I was inspired by this recipe at Attic 24, having used it quite a lot. I wanted an easy going meal, i.e. no last minute trip to the shops. Rummaging in my cupboard, fridge and freezer I found the following ingredients:
1 large Red pepper (capsicum)
1 Courgette (zucchini)
4 Spring onions (scallions)
1 Tin of Chick peas
1 Tin of Coconut milk,
1teaspoon Ground Coriander
1teaspoon Ground Cumin
1teaspoon Garam Masala
About a 2cm ‘squeeze’ of Garlic Puree
1 Vegetable Stock Cube
1 tablespoon of mango chutney
1 tablespoon of coriander leaf (frozen)
As you can see, I chopped up the veg, ready to fry it gently, in a large pan, with the lid on. I think this is what cheffy types call ‘sweating off’. I also added the garlic and spices at this point. If you like your dinners a bit hotter, you could add your preferred amount of chilli at this point. If I was making this for just me and The Husband I would probably add about a teaspoon of mild chilli powder and about a quarter to a half a teaspoon of hot chilli powder. I think using both types gives depth of flavour and a bit of ‘kick’.
When the vegetables were softened and the spices had released some flavour, I added the tinned chickpeas and coconut milk. I also added a vegetable stock cube and allowed everything to simmer for a while. Adding the mango chutney was an afterthought really that I remembered from the Attic 24 recipe. I just felt that more sweetness was needed. The last thing I added was the frozen, chopped coriander leaf. By the time that had defrosted I was ready to dish up.
I served it with boiled rice and steamed cauliflower. Again, if this had been a grown-ups only meal I would probably have added the cauliflower florets with the chickpeas and coconut milk but not all my children like them. I wish they did. We are experiencing a cauliflower glut at the moment. You can see them going to seed in the picture below.

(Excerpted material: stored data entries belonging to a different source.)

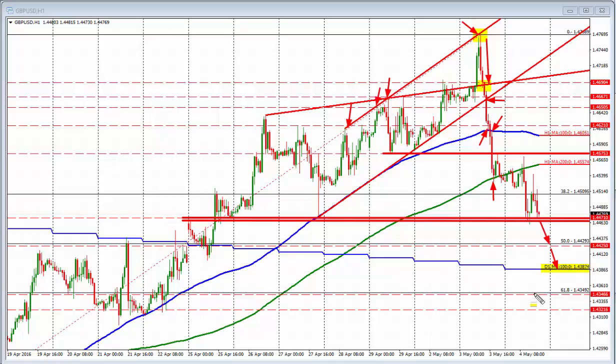Where do we stand right now? Kind of at support right here. Sellers up here came against the 100-hour moving average — that's a risk level on the top side. If we were to break below this level, we don't have far to go from 144.71 to 144.29. That's going to be our next target.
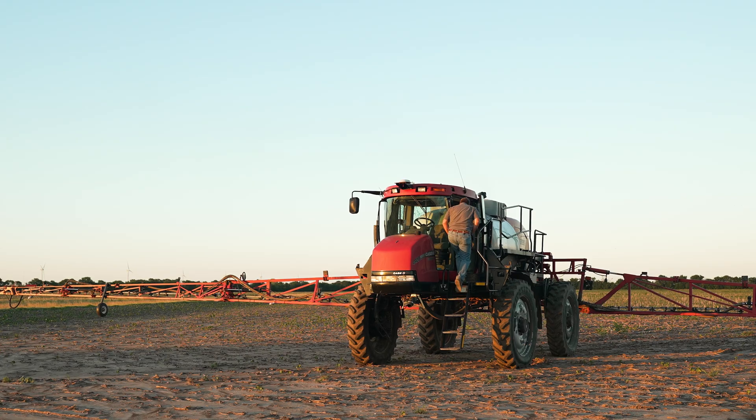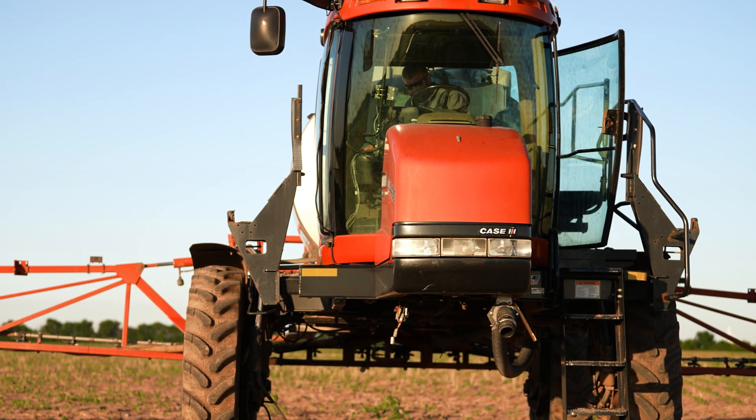We grow five different crops: wheat, sorghum, corn, soybeans, and cotton.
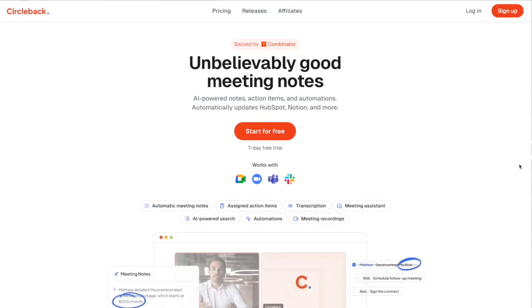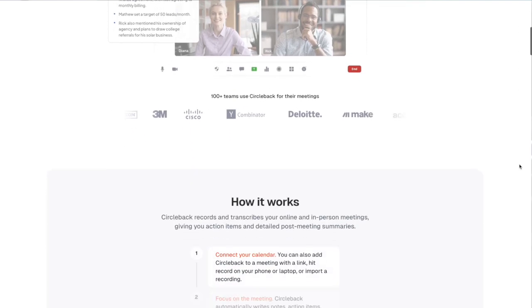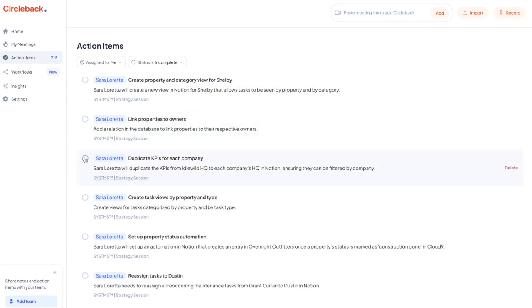Circleback is a newer AI note-taking tool that is backed by Y Combinator. And in my opinion — and they're not paying me to say this — it is the smartest AI note taker I have ever used. Aside from all of the general features that these tools have, Circleback is actually focused on the action items of a call. They even have a micro to-do list feature built into the platform itself, which prompts you to take action immediately. And they have secure data encryption, which I love to see, especially with AI.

A word about rice. I only ever use easy cook rice – 1 cupful of rice to 2 cupfuls of cold water, bring to the boil and simmer until done. I have never had success when cooking basmati but if you want to try there are tips to be found here and here.
The thing is, a store cupboard recipe like this can be endlessly adapted. You can change the balance of spices for a subtly different flavour or add your own favourites. The vegetables you use will depend on what you’ve got to hand. I’ve used regular onion, spinach, butternut squash and aubergine for example. You could use a different kind of bean or lentil to provide the protein. It is also a good way to use up left-over meat if vegetarianism is not your thing. Finally, I think this qualifies as both vegetarian and vegan, being dairy free if you fry in a suitable oil, rather than butter.
So, happy National Vegetarian Week everyone!